There was a moment at any rate when they offered me no image more vivid than that of some individual sensitive nature or fine mind, some small obscure intelligent creature whose education should have been almost wholly derived from them, capable of profiting by all the civilisation, all the accumulations to which they testify, yet condemned to see these things only from outside—in mere quickened consideration, mere wistfulness and envy and despair. It seemed to me I had only to imagine such a spirit intent enough and troubled enough, and to place it in presence of the comings and goings, the great gregarious company, of the more fortunate than himself—all on the scale on which London could show them—to get possession of an interesting theme. I arrived so at the history of little Hyacinth Robinson—he sprang up for me out of the London pavement. To find his possible adventure interesting I had only to conceive his watching the same public show, the same innumerable appearances, I had watched myself, and of his watching very much as I had watched; save indeed for one little difference. This difference would be that so far as all the swarming facts should speak of freedom and ease, knowledge and power, money, opportunity and satiety, he should be able to revolve round them but at the most respectful of distances and with every door of approach shut in his face. For one’s self, all conveniently, there had been doors that opened—opened into light and warmth and cheer, into good and charming relations; and if the place as a whole lay heavy on one’s consciousness there was yet always for relief this implication of one’s own lucky share of the freedom and ease, lucky acquaintance with the number of lurking springs at light pressure of which particular vistas would begin to recede, great lighted, furnished, peopled galleries, sending forth gusts of agreeable sound. . . .

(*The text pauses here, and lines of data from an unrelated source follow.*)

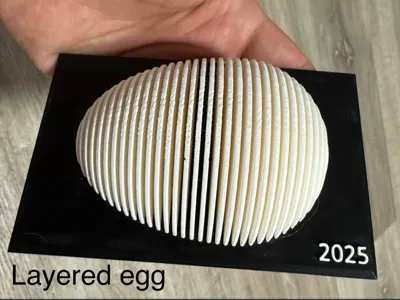 Layered egg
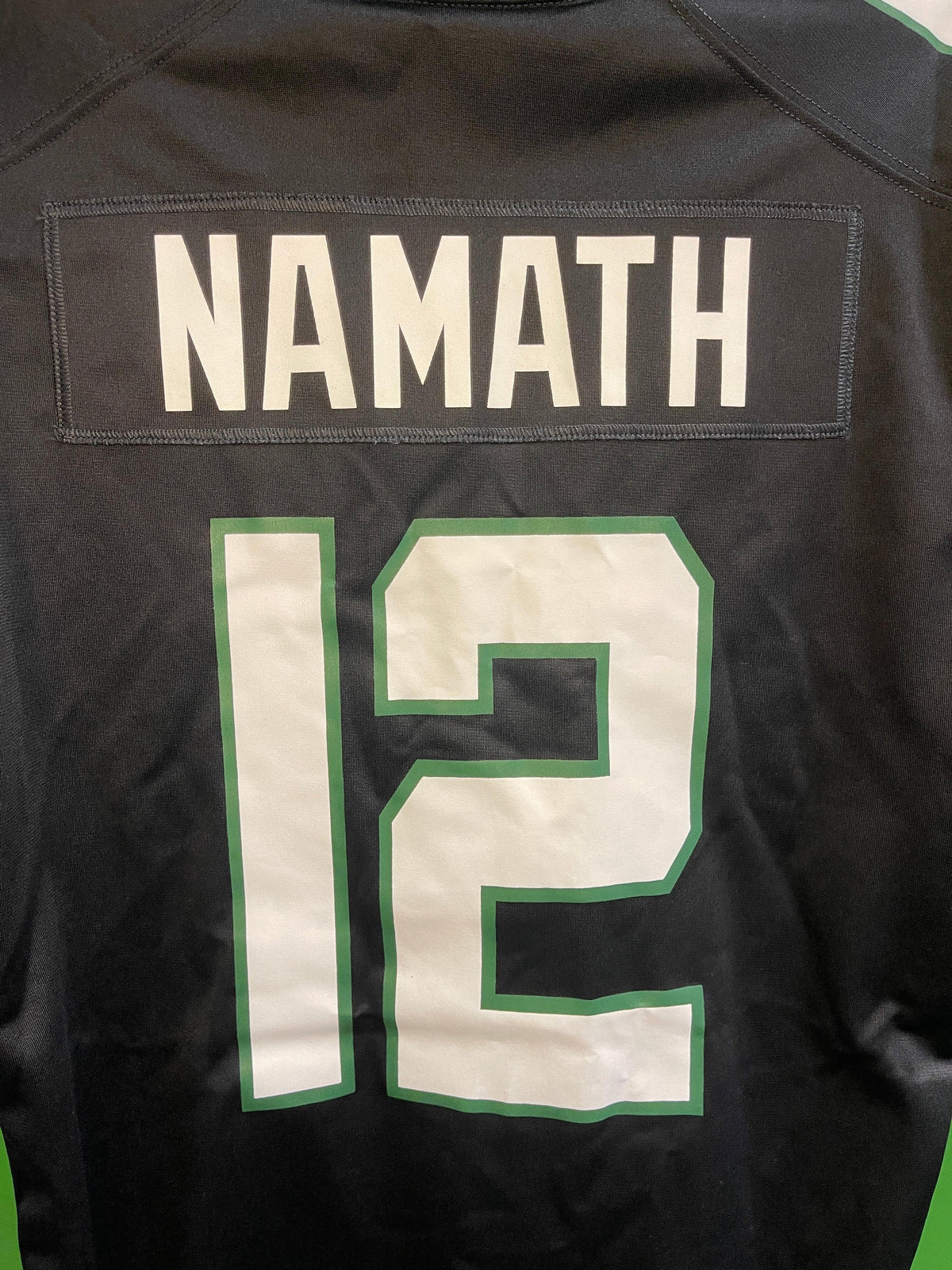 NFL New York Jets Namath #12 Game Jersey Men's Large NWOT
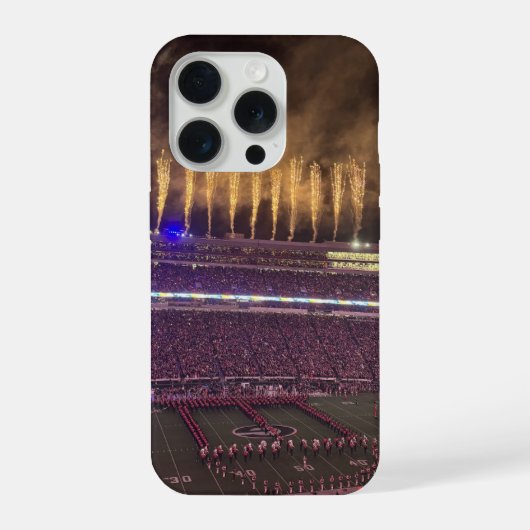 Universiteit van Georgia iPhone Hoesje (Achterkant)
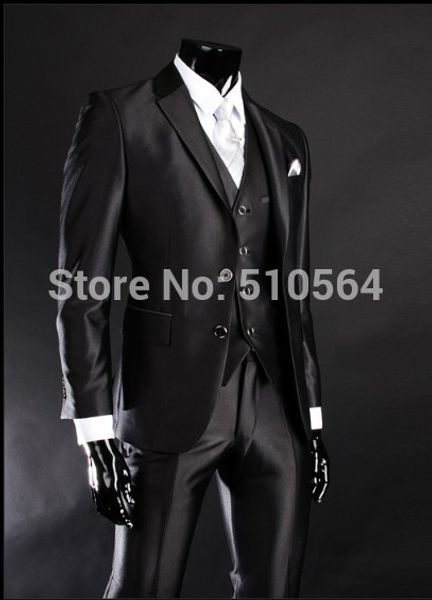wholesale- shiny slim fit groom tuxedos black man notch lapel groomsman men wedding suits bridegroom(jacket+pants+vest, White;black
wholesale- shiny slim fit groom tuxedos black man notch lapel groomsman men wedding suits bridegroom(jacket+pants+vest, White;black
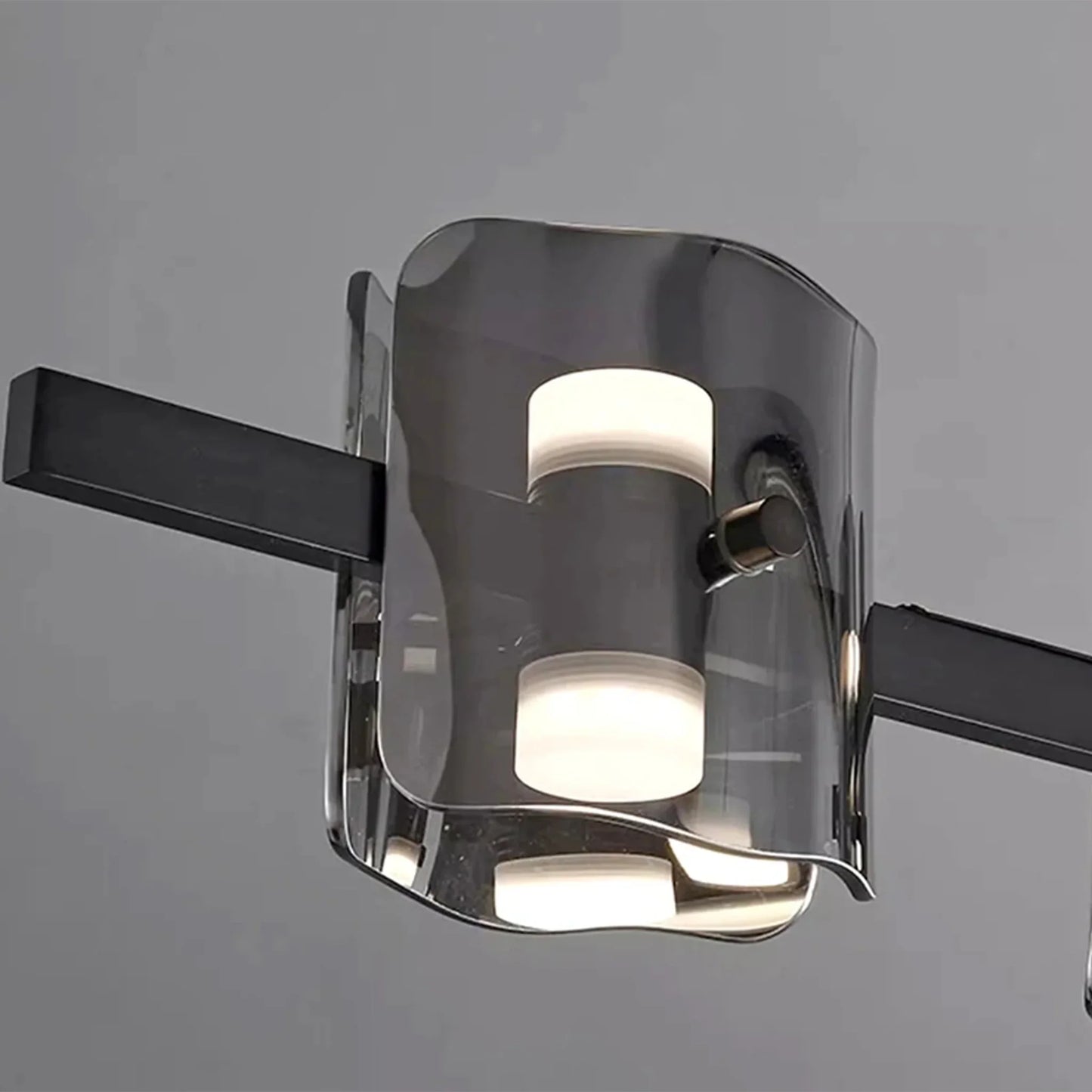 Harlequin Rectangle Glass Chandelier - Pendant Lights | Lucera Lighting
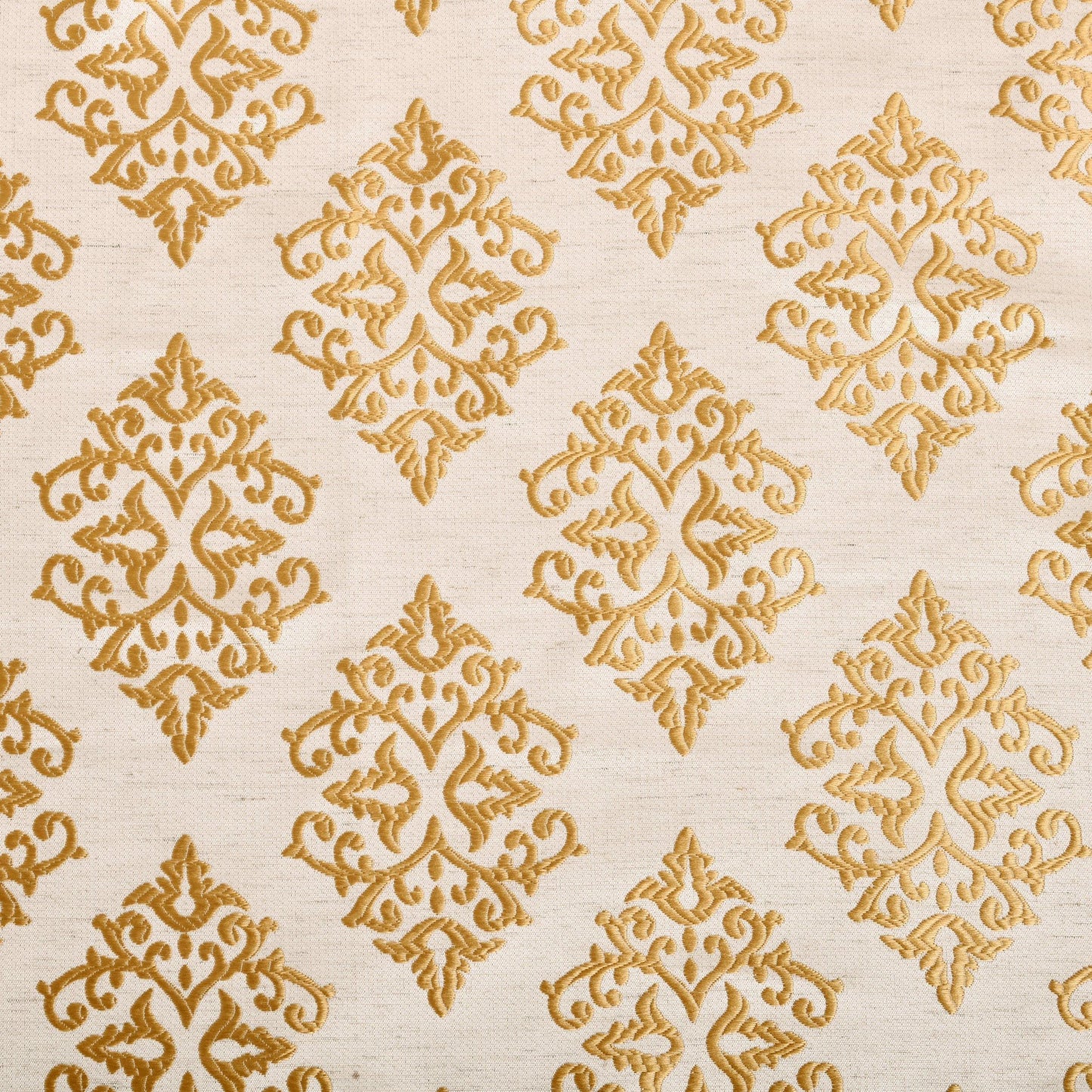 Venetian Damask Floral Jacquard Vintage Grommet Curtain Panel Set FredCo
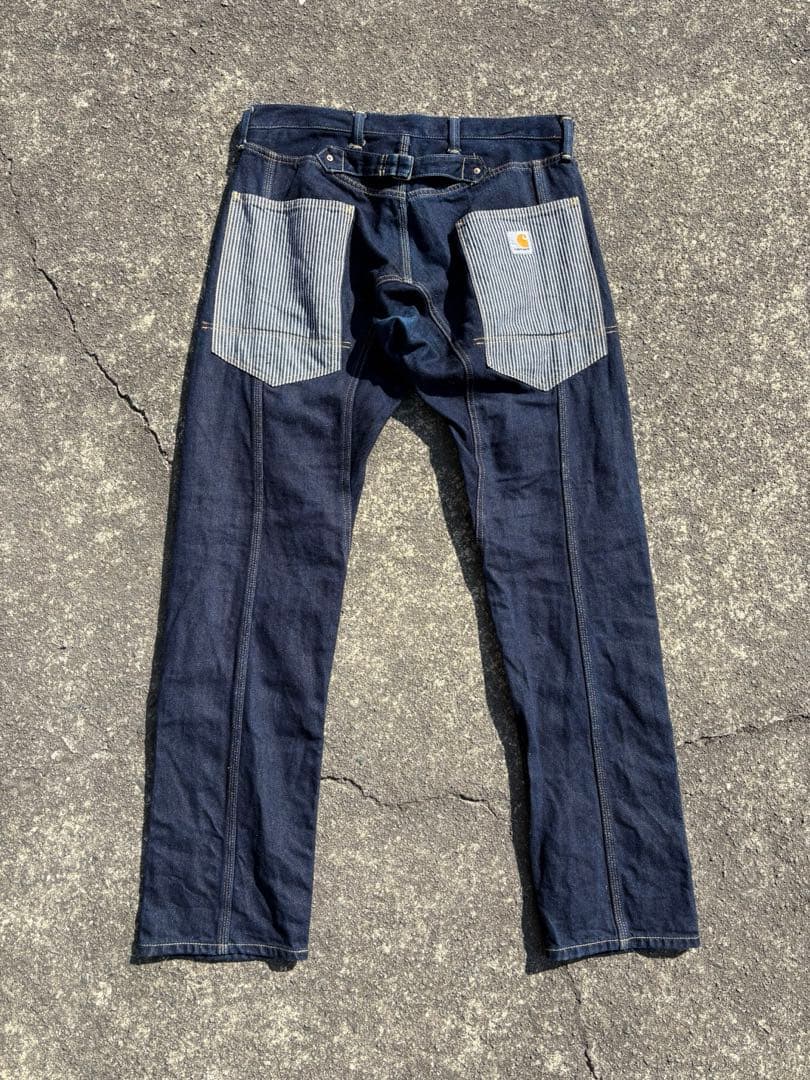 希少JUNYA WATANABE カーハート　ダブルニーペインターパンツ　濃紺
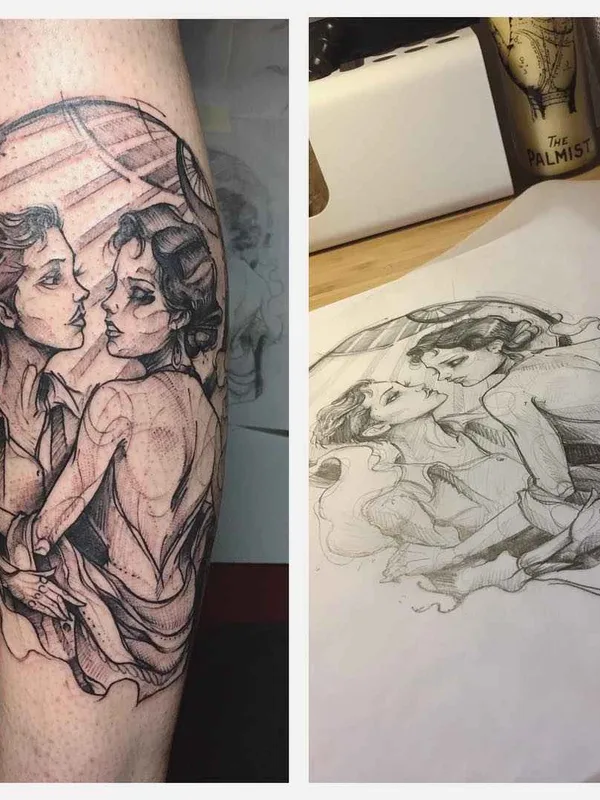 Author's Style tattoo by Knot in Marseille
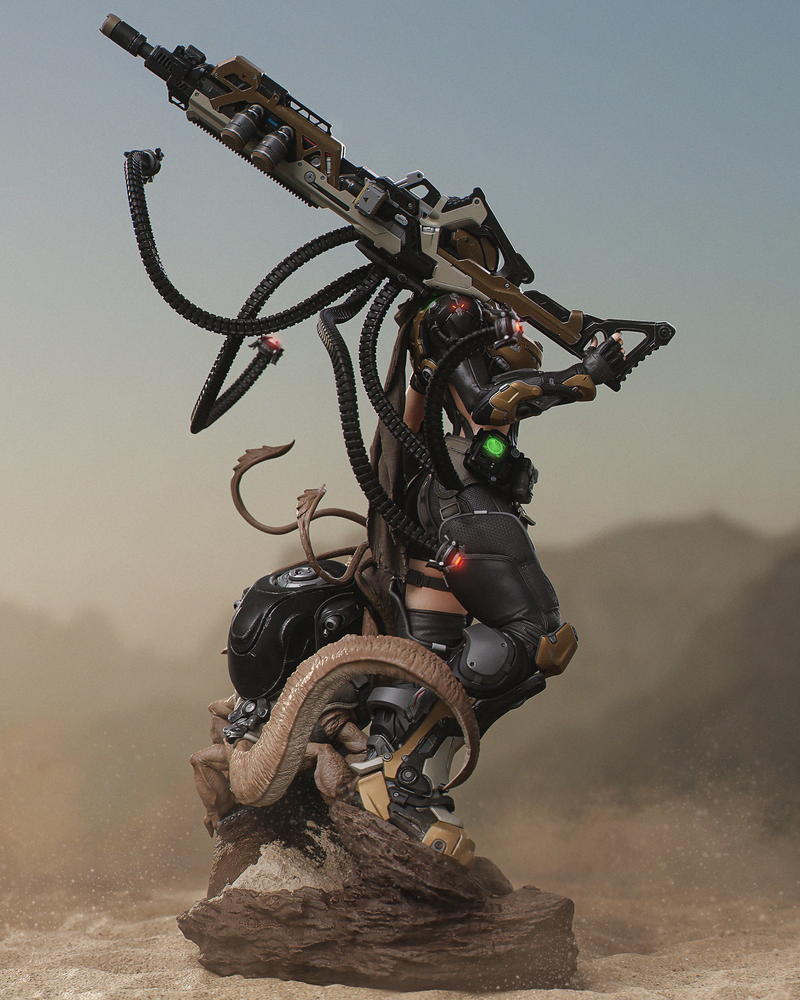 Kyla Resin Statue - view 6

Truly, of course, there are London mysteries (dense categories of dark arcana) for every spectator, and it ‘s in a degree an exclusion and a state of weakness to be without experience of the meaner conditions, the lower manners and types, the general sordid struggle, the weight of the burden of labour, the ignorance, the misery and the vice. With such matters as those my tormented young man would have had contact—they would have formed, fundamentally, from the first, his natural and immediate London. But the reward of a romantic curiosity would be the question of what the total assault, that of the world of his work-a-day life and the world of his divination and his envy together, would have made of him, and what in especial he would have made of them. As tormented, I say, I thought of him, and that would be the point—if one could only see him feel enough to be interesting without his feeling so much as not to be natural.[7]

I’ve taken the liberty of italicizing the particularly “Lovecraftian” wording. James seems to have verily conjured up in his powerful imagination the near destitute, near starving, near friendless (though technically “married” and with many correspondents) Lovecraft. What James makes of Hyacinth, what he imagines Hyacinth would make of himself in such a position, is an anarchist; his imagination, though powerful, was, as Geismar insists, too snobbish to let him imagine someone like Lovecraft who could have picked himself up, returned to Providence, and used his experience to make himself a writer; a writer, perhaps, like Henry James.

The other notable thing about “He” is the famous “racism.”[8] Lovecraft loathes the buildings and streets, but also, perhaps more so, the people in them. You could say he loathes the mongrel New Yorkers first and last; in that same opening passage:

 [T]he throngs of people that seethed through the flume-like streets were squat, swarthy strangers with hardened faces and narrow eyes, shrewd strangers without dreams and without kinship to the scenes about them, who could never mean aught to a blue-eyed man of the old folk, with the love of fair green lanes and white New England village steeples in his heart.

 And in the climactic, terrifying vision of the Babylon of the future from “He”:

 I saw the heavens verminous with strange flying things, and beneath them a hellish black city of giant stone terraces with impious pyramids flung savagely to the moon, and devil-lights burning from unnumbered windows. And swarming loathsomely on aërial galleries I saw the yellow, squint-eyed people of that city, robed horribly in orange and red, and dancing insanely to the pounding of fevered kettle-drums, the clatter of obscene crotala, and the maniacal moaning of muted horns whose ceaseless dirges rose and fell undulantly like the waves of an unhallowed ocean of bitumen.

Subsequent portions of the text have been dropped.